調査会社ワンポールと外貨両替専門店トラベレックスが3月に発表した調査で、旅行者の22%が単身旅行を好むことが分かった。このトレンドの中心が、経済的に安定した30歳以上の女性。別の調査でもアメリカ人女性の65%が、休暇を取っても配偶者や恋人と過ごしていない。
「男性よりも女性の単身旅行が多いことは、私たちも実感している」と、旅行会社ワイルド・フロンティアーズのアンドリア・ロスは本誌に語る。「単身旅行の顧客の約65%は女性だ。30代〜80代と幅広いが、特に40、50代が多い」。女性の単身旅行はここ数年、前年比15%ほど増え続けているという。
彼らが求めているのは、欧米にはないような刺激的な旅だ。女性たちは異国情緒のより豊かな土地を旅しようとする。「特にインドは人気。北アフリカや中東もそう」と、ロスは言う。
【参考記事】海外旅行格差から見える日本社会の深い分断
30代〜40代の単身旅行者を対象にした旅行会社フラッシュパックの共同創業者リー・トンプソンは、アメリカ人旅行者の多くが「カルペ・ディエム(今日を楽しめ)」という考え方でいると話す。「人生が一変するような最高の旅を求めている。(カリブ海の)カンクンのビーチで2週間のんびりするのではなく、大冒険で休暇を目いっぱい楽しみたいと思っている。あまり知られていない場所で、地元の文化や素晴らしい自然を体験できるような旅だ」
人気なのがアフリカだ。野生動物の楽園であるタンザニア・セレンゲティ国立公園の夜明けの散歩から、南アフリカ・ケープ半島でのスタンドアップパドルボード、モロッコ・マラケシュのスーク(市場)巡りまで何でもできる。

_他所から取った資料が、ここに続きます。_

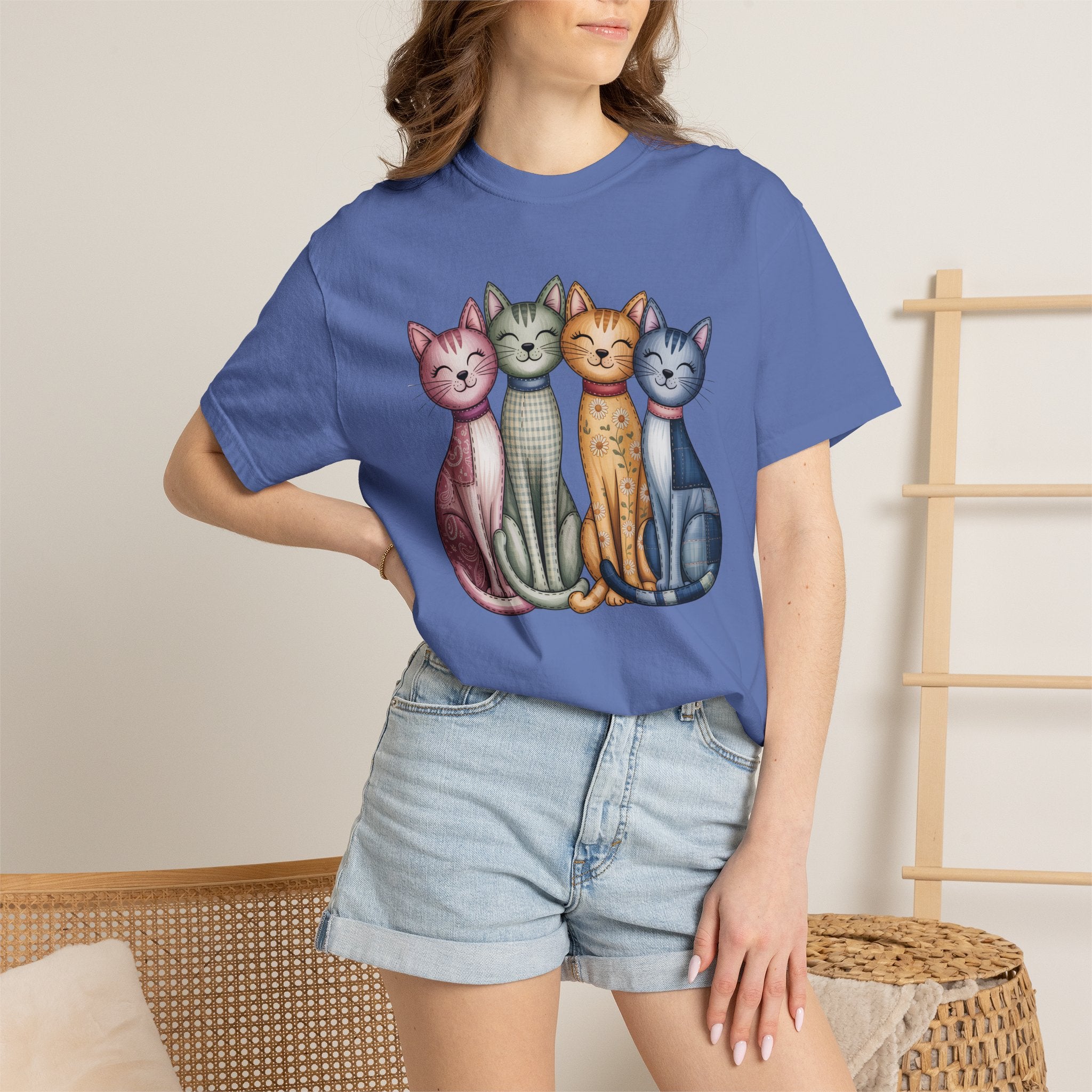 Fabric Textile Cat T-shirt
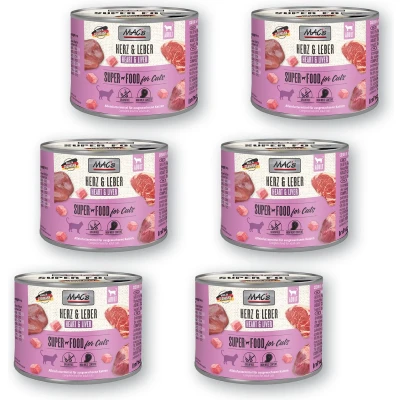 Afbeelding van MAC’s Kattenvoer Natvoer Blik 70% Hart &amp; Lever 6 x 200g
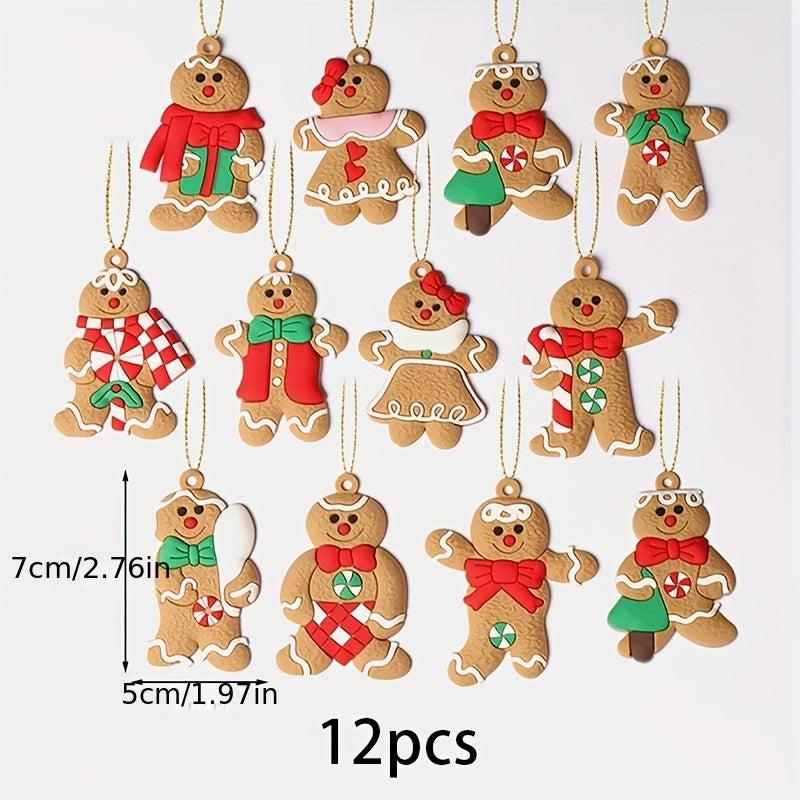 12pcs Gingerbread Man Ornament Christmas Tree Decoration
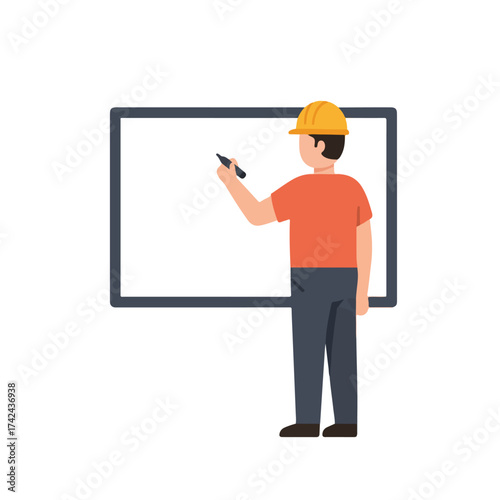 Worker in hard hat writing on a blank whiteboard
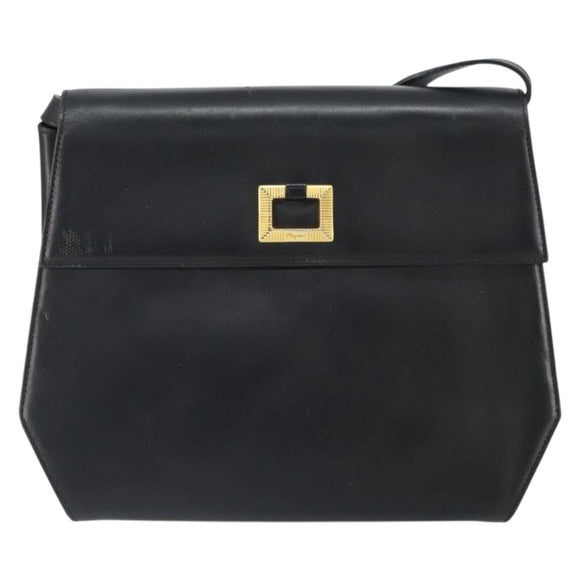 Salvatore Ferragamo Shoulder Bag Leather Black Gold Auth BA9556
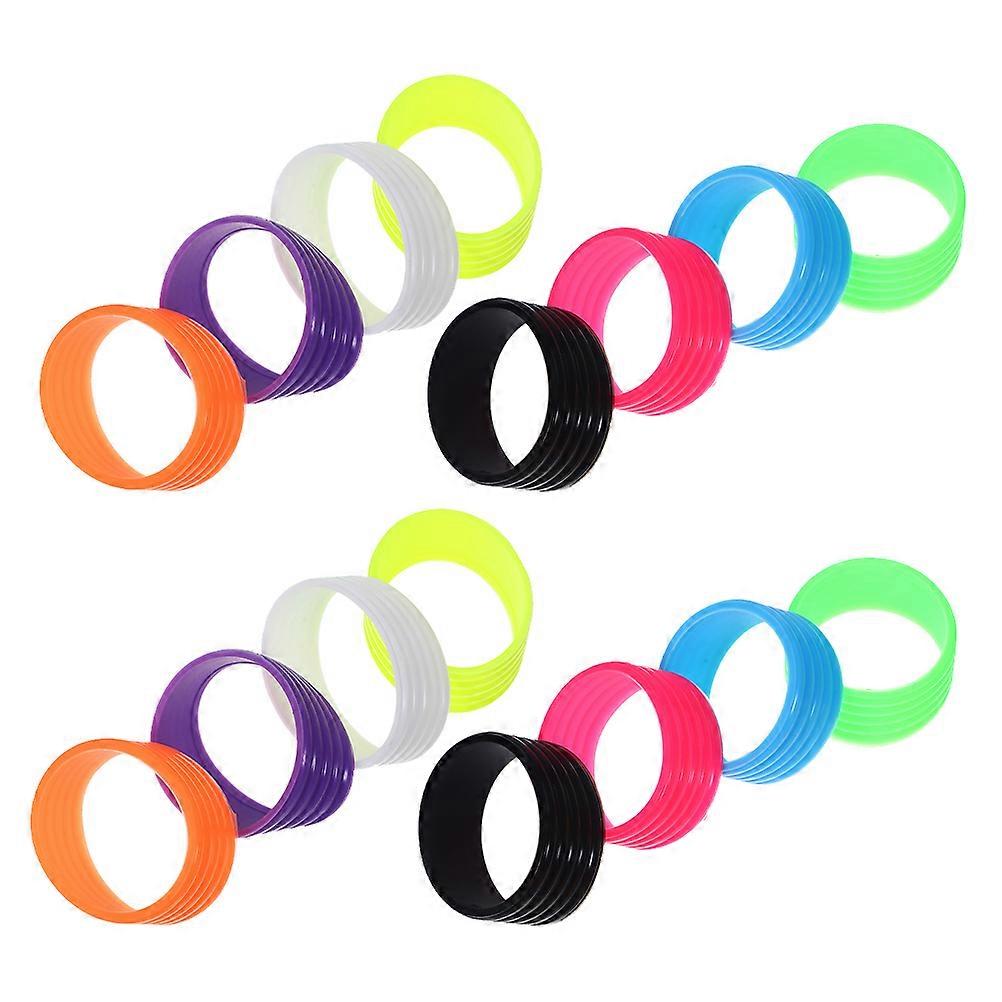 16Pcs Racket Grip Bands Silicone Anti-Slip Rings For Outdoor Activities Assorted Color Protecting Racket Handles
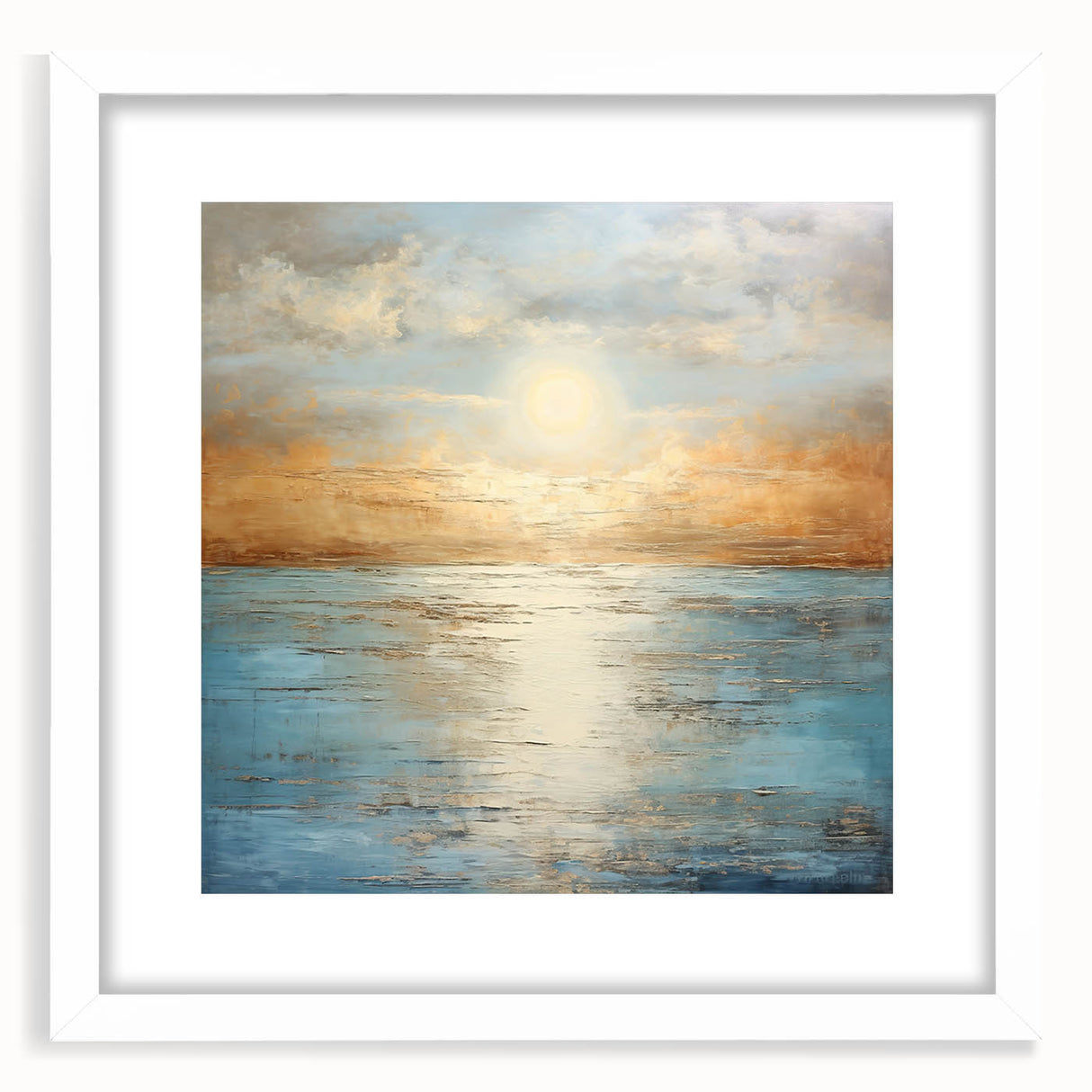 Framed abstract landscape wall art in a white mat and frame, featuring soft earth tones and serene mountain scenery, perfect for modern decor.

自分だけの旅なら、そうした体験に思い切り没頭できる。「自分の限界を破り、安全地帯から飛び出すいい機会になる」とトンプソンは言う。
ワイルド・フロンティアーズは旅行先の国の教育などを支援しており、ロスによれば多くの女性単身旅行者はこの姿勢に共感して同社を選んでいる。出発する前から、その旅に意義を求めているのかもしれない。